As I'm holding you in my arms, I realize how much you've grown. Soon you'll be a child, a boy, a man. It only takes a moment, before the days of innocence are lost. I think about all of the things you must learn, or I must teach you, before you cross into the unforgiving grip of reality, and face the world on your own.

I will teach you how to walk, and swim, and ride a bike. We'll play catch, roast marshmallows, and fish till it's dark. I'll tell you stories of my past. You'll tell me plans for your future. We'll take trips, and see old friends, and keep secrets from your mother. While these moments may stand still, the clock keeps on ticking.

I can't wait for basketball games. I'll teach you everything I know. We'll put up a hoop in the driveway, and a light to lead the way. Your mom will call you in to eat, I'll convince her just 10 minutes more. I'll watch from the window as you practice, critiquing your every move. In the end I'll just smile, your just like me in every way.

I'll do my best to guide you son. I hope I don't let you down. I'll always tell you the truth, no matter the pain it might cause. I want you to stand up for what's right, and have faith in what you believe. I'll teach you right from wrong, and forgive you for your mistakes. I can only hope when all is said and done, that you have learned as much from me, as I will learn from you.
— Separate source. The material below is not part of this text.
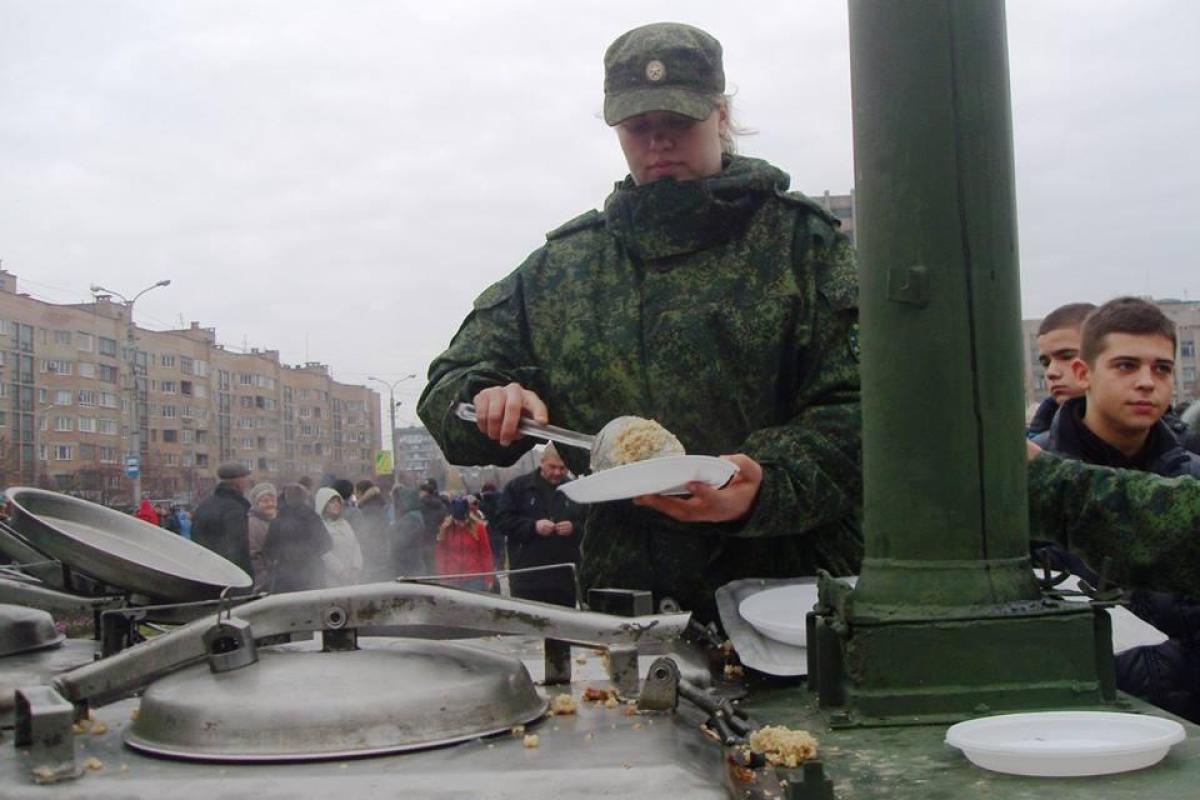 В Горловке кормежка из ржавой полевой кухни в честь "дня воинской славы" привела к массовому отравлению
Time will tell the job I've done. One day you'll be on your own. A job. A family. A place to call home. The need for my approval will slowly fade away, as the choices you make, are of yours and yours alone.
As I'm holding you now in my arms, I realize how much you've grown. Time stands still for no man. I just wish, it would slow down.

Sunday, April 3, 2011

Gone Fishing

I'll never forget the excitement, and anticipation of a fishing trip with my Dad. Every year, Dad, Uncle Carroll, Uncle Kelly, and myself traveled north a few hours up to Fairbault, MN to escape the challenges of everyday life. A lot of kids my age at that point in time would want nothing to do with a trip like this. 4 days spent with your Dad and family members trapped on a boat in the middle of a lake with nothing to do but talk. Me? I loved it. I looked forward to it. I miss it.
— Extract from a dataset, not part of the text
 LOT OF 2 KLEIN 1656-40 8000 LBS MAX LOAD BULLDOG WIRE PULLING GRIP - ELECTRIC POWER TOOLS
We never got up too early. We always stayed up too late. There were days we would hardly fish, and some when we would fill the buckets. There was one thing guaranteed. Laughter. I remember laughing myself to tears listening to stories of Dad and Carroll growing up. Meeting "the locals" in the cabins next door. Exploring new bars and restaurants in "downtown" Fairbault. And of course, having a beer with your Dad for the first time.

We haven't gone on a trip in many years. I'd be interested to explore our old stomping grounds now. See what's changed, what's stayed the same. Dad and I always talk about taking a few trips and "getting  back" into fishing. Maybe this is the year. Maybe it's time. Maybe, it's long overdue.